JS Fuyuzuki (DD-118) is the fourth ship of Akizuki-class destroyers. She was commissioned on 13 March 2014.

Construction and career
Fuyuzuki was laid down at Mitsui Engineering & Shipbuilding Tamano Works on June 14, 2011 as the 2009 plan 5,000-ton type escort ship No. 2247 based on the medium-term defense capability development plan, and launched on August 22, 2012.

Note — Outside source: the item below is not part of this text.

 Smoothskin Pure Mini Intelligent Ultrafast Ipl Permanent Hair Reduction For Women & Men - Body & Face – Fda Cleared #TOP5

Commissioned on March 13, 2014, it was transferred to the 7th Escort Corps of the 3rd Escort Corps and deployed to Maizuru.

The construction cost of Fuyuzuki was about 72.6 billion yen, and since it was the first escort ship to be built in 17 years since JS Harusame at Mitsui Engineering & Shipbuilding, they called on retirees and Mitsubishi Heavy Industries workers to build and dress it up.

The predecessor destroyer Fuyutsuki was built at the Maizuru Naval Arsenal, and at the ceremony when he arrived at Maizuru, the captain said, Fuyuzuki has returned to Maizuru for the first time in 70 years.

Participated in the US-India joint maritime training (Malabar 2015) held in the waters east of India from September 26 to November 10, 2015.

Participated in the Australian Navy-sponsored multilateral maritime joint training in the waters around Darwin, Australia, from August 26 to October 18, 2016.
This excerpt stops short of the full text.